Tito's sudden disappearance arouses Leo's suspicions and he comes to the flat to demand the return of his merchandise. When Sarah pleads ignorance, Leo threatens Ben and Lucy, only for the young boy to recognise the man who has killed his father. Realising that she can't go to the police without revealing her own drug-dealing misdemeanours, Sarah decides to take the law into her own hands. Carrying Tito's head in a plastic bag dripping blood, she calmly walks into Leo's favourite boozer and guns him down. Relieved to have such a major player off their patch, the cops describe the incident as a gangland execution and leave Sarah to face her uncertain future.


Marbled with bleak humour that seeps through the cracks at the most unexpected places, this is a darkly dispiriting thriller that works better when focusing on the everyday problems facing a single mum on a rundown estate. Seemingly drawing inspiration from South Korean vengeance cinema, Pastoll handles the gruesome elements well enough. But they feel contrived and drag proceedings out of the otherwise authentic milieu into the kind of Mockney netherworld that has made the majority of mainland gangster movies so tiresome.

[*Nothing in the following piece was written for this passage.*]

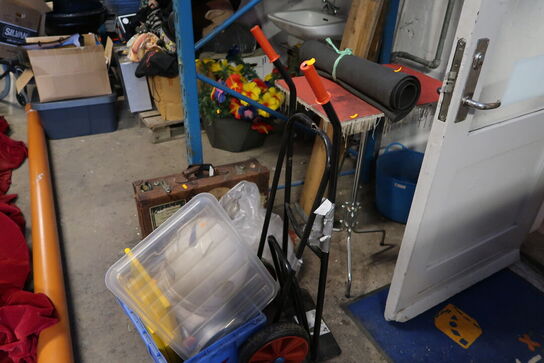 Kuffert, sækkevogn m.m.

It's also frustrating that Blaney opts for so many Loachian situations to limn Sarah's dead-end existence, when he might have made things a bit more Ulster-specific by referring to the province's current state of political limbo. The mother-daughter relationship also borders on the soap operatic, as Alice looks down from her bourgeois perch while doing nothing tangible to help. That said, Jane Brennan contributes a committed performance, alongside the dependable Edward Hogg and Andrew Simpson, who had played the hitcher who gets trapped in a serial killer's lair in Road Games.

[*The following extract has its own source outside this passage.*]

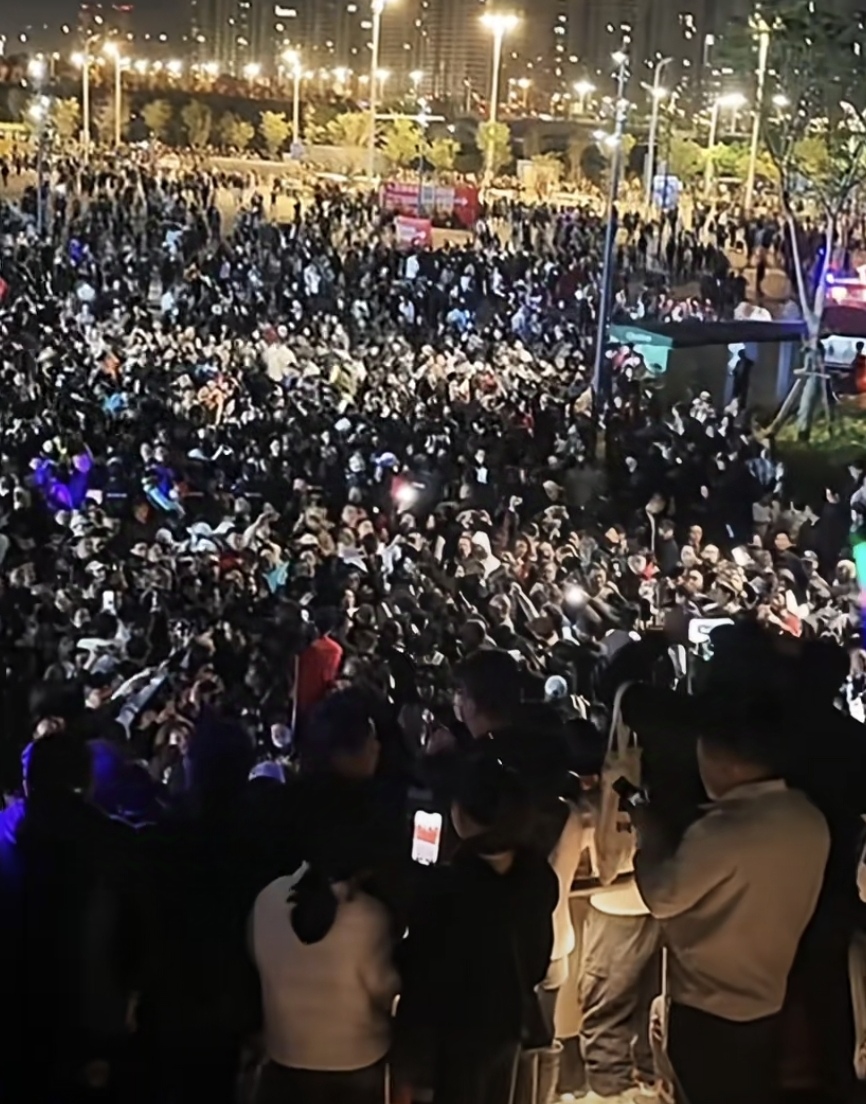 开云体育娱乐-观众热情助阵，现场气氛火爆喜人的简单介绍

But this is very much Dubliner Sarah Bolger's picture, as she tackles the kitchen sink staples and the gory genericism with equal aplomb. Pastoll often keeps Richard Bell's camera fixed on her face and lets her reaction convey the despair of her plight and the grimness of her solution. The sense of colour and energy having been sucked out of Bolger's existence is also ably reinforced by Gillian Devenney's interiors, which strip any ennobling qualities from the poverty that drives those devoid of hope to do anything to survive.


BEACH BUM.


It's safe to say that Harmony Korine has had a colourful career. In addition to scripting the highly controversial Larry Clark duo of Kids (1995) and Ken Park (2002), he has also directed such offbeat features as Gummo (1997), Julien Donkey-Boy (1999), Above the Below (2003), Mister Lonely (2007) and Trash Humpers (2009). He seemed to have slipped off the scene, as six years had passed since Korine scored an unexpected hit with the slacker satire, Spring Breakers (2012). But he has finally returned with The Beach Bum, which rather confirms the old maxim about lightning rarely striking twice.


With his straggly blonde locks and eccentric dress sense, tramp poet Moondog (Matthew McConaughey) is a throwback to the hippy era. Despite being married to the wealthy Minnie (Isla Fisher), he prefers drifting through the Florida Keys while seeking inspiration for his latest slim volume of verses in the sex, drugs and R&B that help him pass the time between drinks. His agent, Lewis (Jonah Hill), has long lost faith in Moondog keeping to a deadline, as he would rather fritter away time with fluffy white kittens than get down to some serious work.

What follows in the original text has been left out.